The expected output is each entry, given again exactly.

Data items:
###
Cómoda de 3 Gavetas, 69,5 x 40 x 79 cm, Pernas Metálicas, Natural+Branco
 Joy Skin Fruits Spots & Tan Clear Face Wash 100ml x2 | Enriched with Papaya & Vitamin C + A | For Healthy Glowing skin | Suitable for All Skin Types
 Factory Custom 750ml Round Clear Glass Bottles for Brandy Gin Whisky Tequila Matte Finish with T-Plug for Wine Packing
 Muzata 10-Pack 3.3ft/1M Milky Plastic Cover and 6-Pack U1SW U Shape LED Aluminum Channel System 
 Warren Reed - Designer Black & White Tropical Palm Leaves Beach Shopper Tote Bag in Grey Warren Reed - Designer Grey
###
## Reply to the task
Cómoda de 3 Gavetas, 69,5 x 40 x 79 cm, Pernas Metálicas, Natural+Branco
 Joy Skin Fruits Spots & Tan Clear Face Wash 100ml x2 | Enriched with Papaya & Vitamin C + A | For Healthy Glowing skin | Suitable for All Skin Types
 Factory Custom 750ml Round Clear Glass Bottles for Brandy Gin Whisky Tequila Matte Finish with T-Plug for Wine Packing
 Muzata 10-Pack 3.3ft/1M Milky Plastic Cover and 6-Pack U1SW U Shape LED Aluminum Channel System 
 Warren Reed - Designer Black & White Tropical Palm Leaves Beach Shopper Tote Bag in Grey Warren Reed - Designer Grey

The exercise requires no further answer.